Magai grew up immersed in industrial landscapes, she originated in Cleveland, Ohio, later lived in New York City, and now residing in Seattle. Since moving to Seattle in 1992, she has observed the expanding scale and complexity of urban infrastructure over nearly three decades. Within these environments, Magai studies the tension between human-made systems and the natural world. Where a 19th-century painter might have encountered nature as divine abundance, Magai presents a shifting view of a landscape overtaken by concrete. In her painting, Riverside, trees and foliage sit tucked between warehouse lots, diesel trucks, and sprawling telephone poles. In this work, nature appears almost like a secondary subject, yet—despite the dominance of human presence—it carries a quiet sense of the miraculous, like a flower pushing up through a crack in the sidewalk. Within this uneasy coexistence, a veil of smog softens the horizon, rendering trees and buildings indistinguishable. Although diminished in these scenes, nature persists—adapting within the fractured terrain—and it is this persistence that Magai is fascinated with.

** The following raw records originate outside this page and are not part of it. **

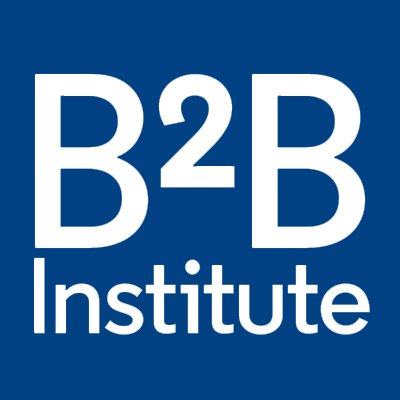 We are a think tank funded by LinkedIn that researches the future of B2B marketing and decision making.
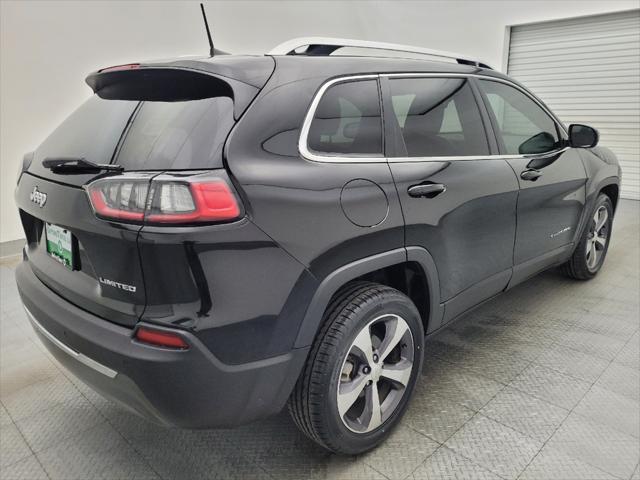 used 2020 Jeep Cherokee car, priced at $19,695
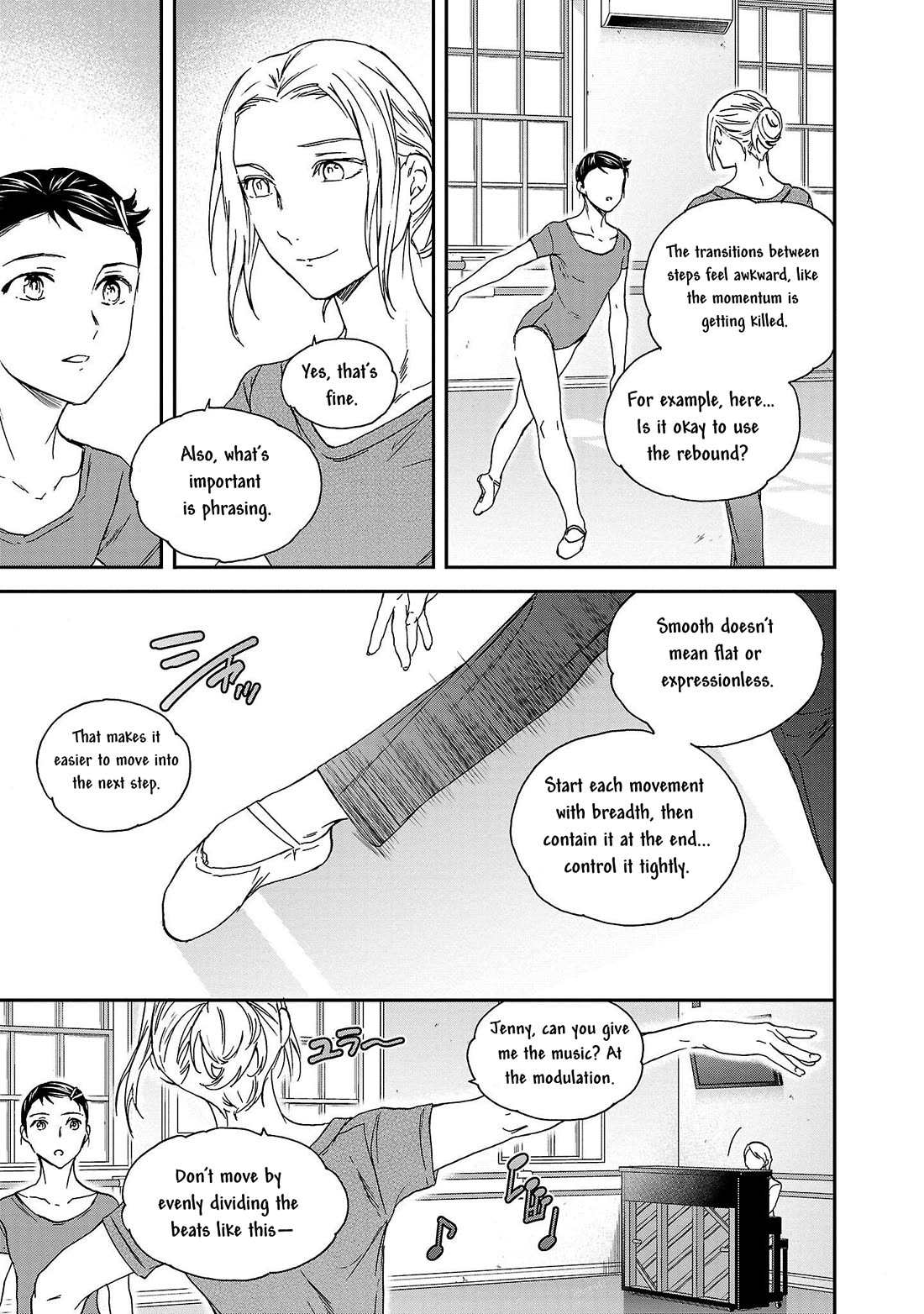 Kenrantaru Grande Scene Chapter 106 page 31 - Chapter 106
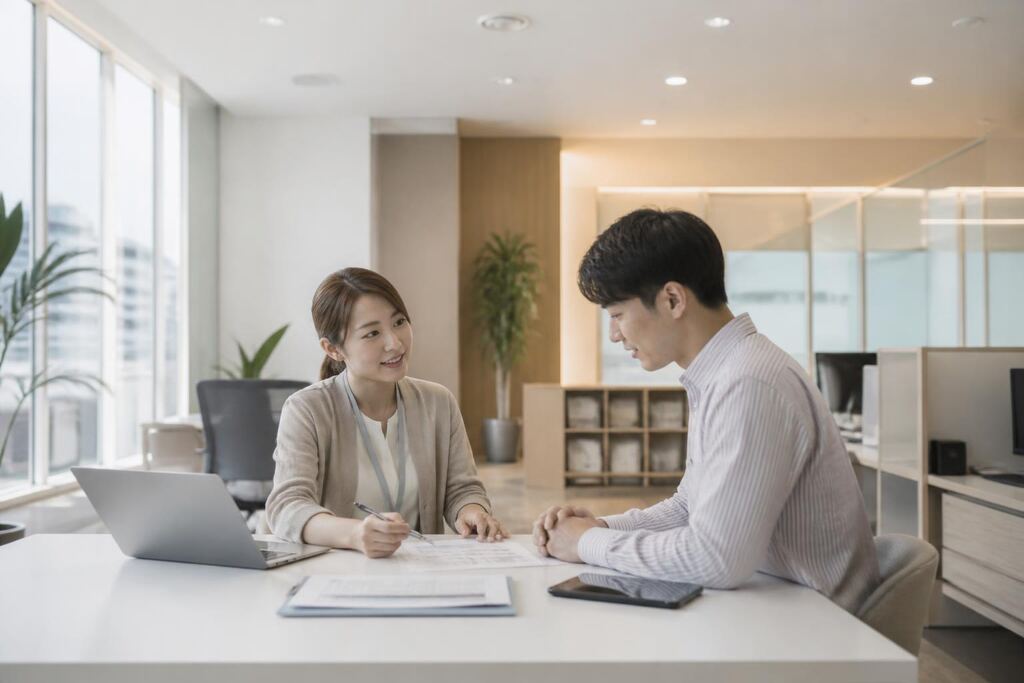 서울 파견인력 이미지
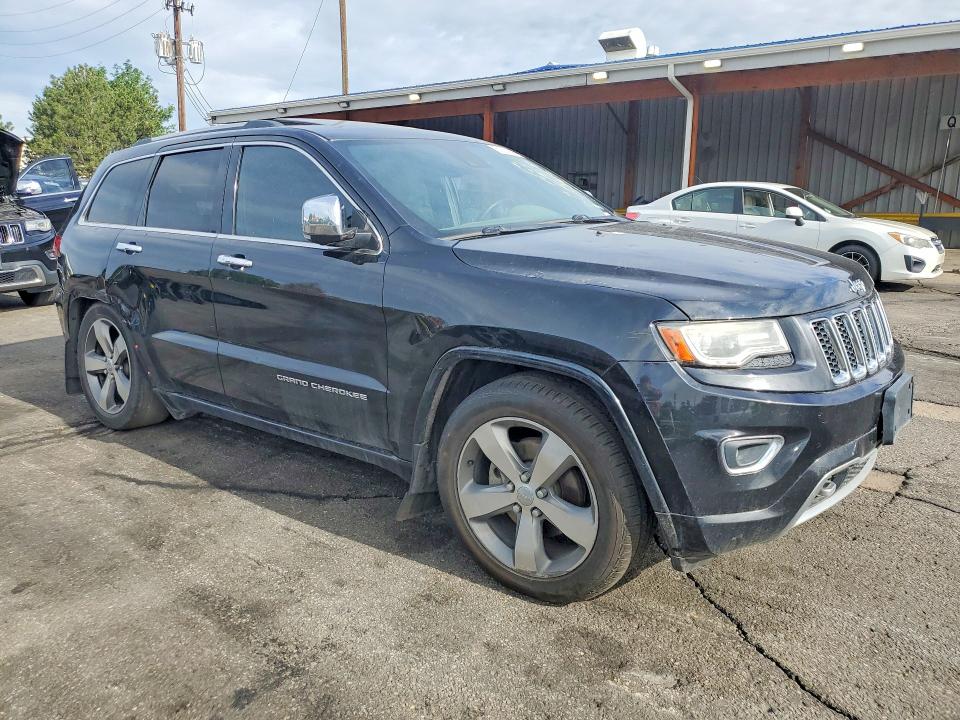 2014 Jeep Grand Cherokee მანქანა იყიდება აუქციონზე, vin: 1C4RJFCG4EC125363, აუქციონის ნომერი: 51353856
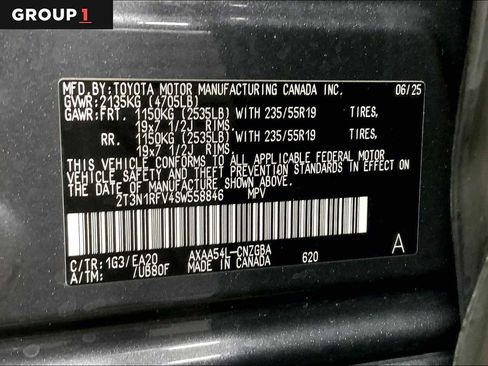 Certified 2025 Toyota RAV4 Limited image 36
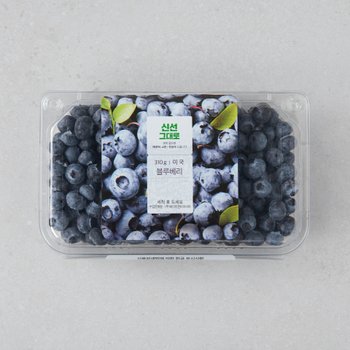 미국산 생블루베리 310g 팩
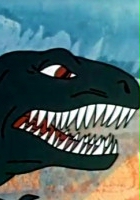 plakat filmu Dinozaury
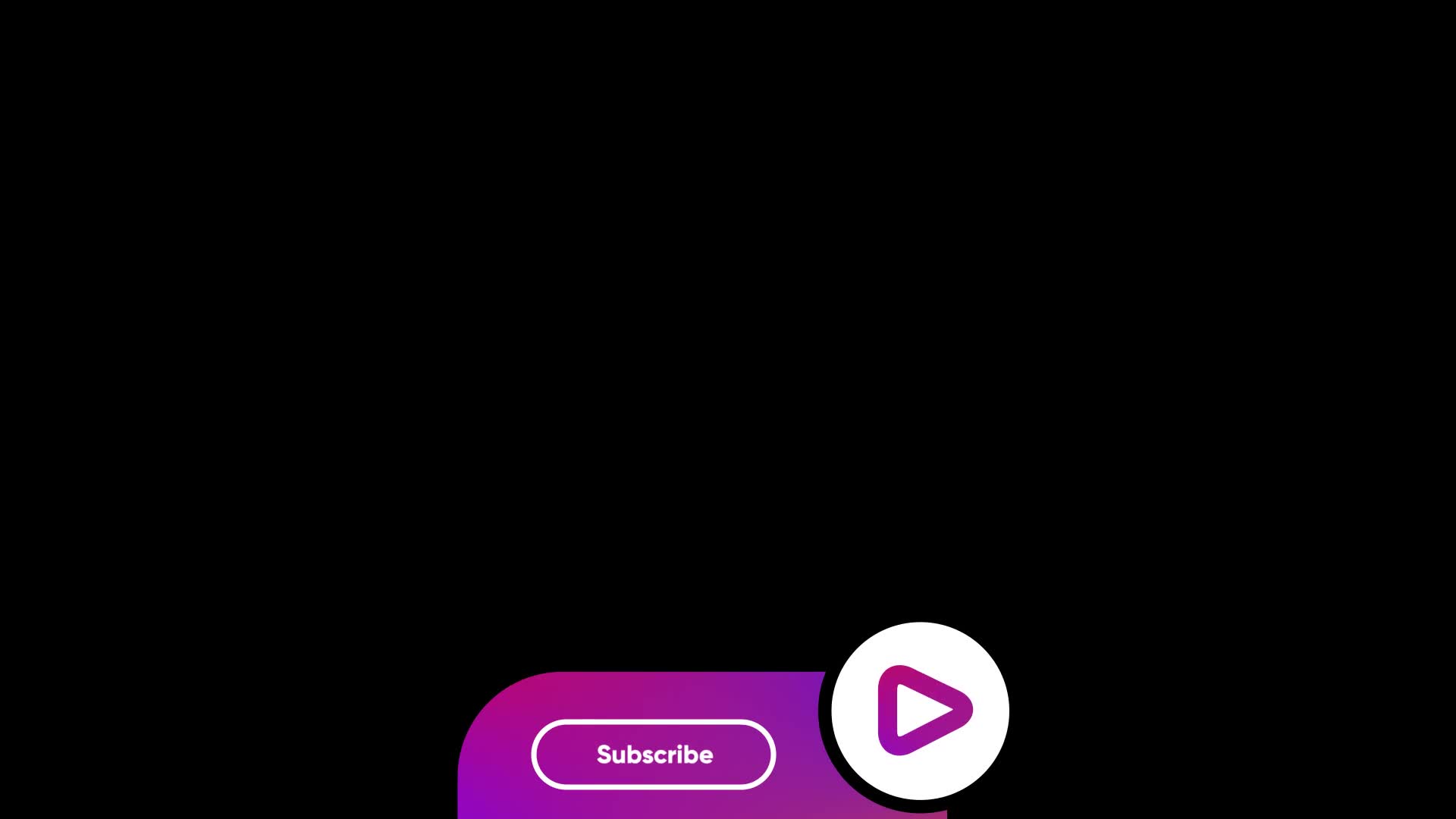 Gradient Subscribe Lower Thirds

There's a quiet romanticism for these plants pushing through the industrial corridors, she sees them as survivors. In some cases, they appear only as a blur glimpsed while driving past, as in her painting Foliage Study, where soft, smeared brushstrokes suggest branches moving against a cloudy pale blue sky. She captures these temporal moments that are often overlooked, and gives them permanence through her craft, shaped with time and contemplations on an everchanging landscape. While such industrial scenes may not traditionally be considered beautiful, they are nonetheless an inescapable part of our current landscape and hold a subtle, enduring wonder.